What those EVPN/VRF interfaces are
- vrf_evpntest: a Linux VRF device (a separate routing table/domain). Proxmox puts EVPN zone interfaces under this VRF so tenants are isolated at L3.
- vrfbr_evpntest: an internal bridge used for the EVPN L3 VNI plumbing of the VRF (it ties the VRF to the L3 VXLAN device).

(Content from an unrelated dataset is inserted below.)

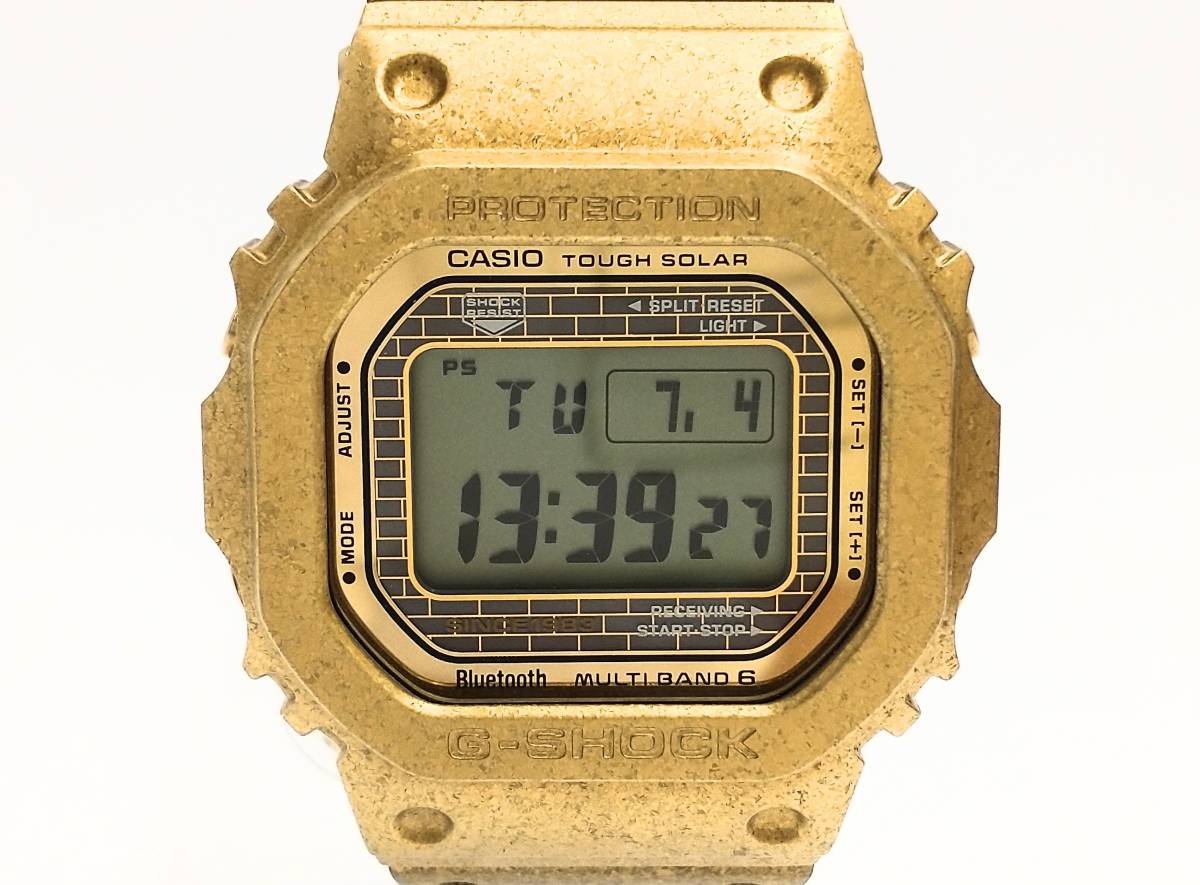 カシオ G-SHOCK 40th Anniversary RECRYSTALLIZEDシリーズ 限定モデル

- vrfvx_evpntest: the VXLAN interface for the L3 VNI (your VRF-VXLAN 10000). It carries L3 EVPN routes between nodes.
- (Related) testnet1: your tenant L2 bridge for VNI/tag 100. This is where VM DHCP broadcasts appear.
- (Related) vxlan_testnet1: the VXLAN interface for the L2 VNI (it’s a port on testnet1).

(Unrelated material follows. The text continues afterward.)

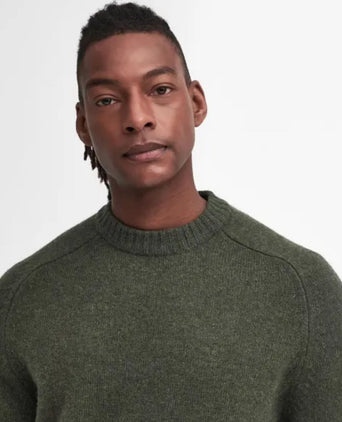 Barbour Grangetown Pullover | Green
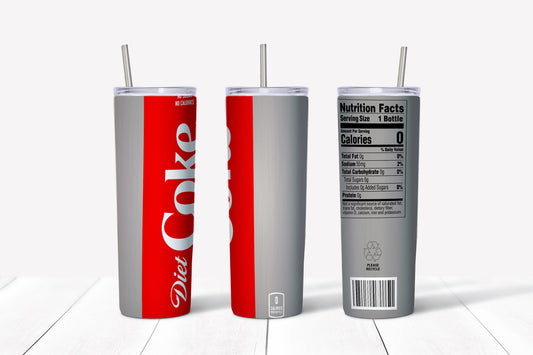 Tumbler -Diet Coke Can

Which interface to use for DHCP relay
- Client side (where to listen): testnet1 (it has 10.60.10.1/24, so it can be used as giaddr)
- Server side (how to reach Kea): vmbr0 (your ip route get 192.168.1.25 already shows it)
Proxmox node relay config (ISC dhcrelay) On server5 (and optionally server2 as well), configure the relay to listen on both interfaces and forward to Kea:
- SERVERS=“192.168.1.25”
- INTERFACES=“testnet1 vmbr0”
- start isc-dhcp-relay
Conceptually, the relay does:
- receive DHCPDISCOVER on testnet1
- forward unicast to 192.168.1.25 via vmbr0
- receive DHCPOFFER back on vmbr0
- broadcast/unicast it back to the VM on testnet1
Kea side (must match relayed subnet) In your Kea subnet4 for 10.60.10.0/24, make sure Kea accepts relayed requests for that subnet by matching the relay’s giaddr:
- relay ip match: 10.60.10.1 (the address on testnet1)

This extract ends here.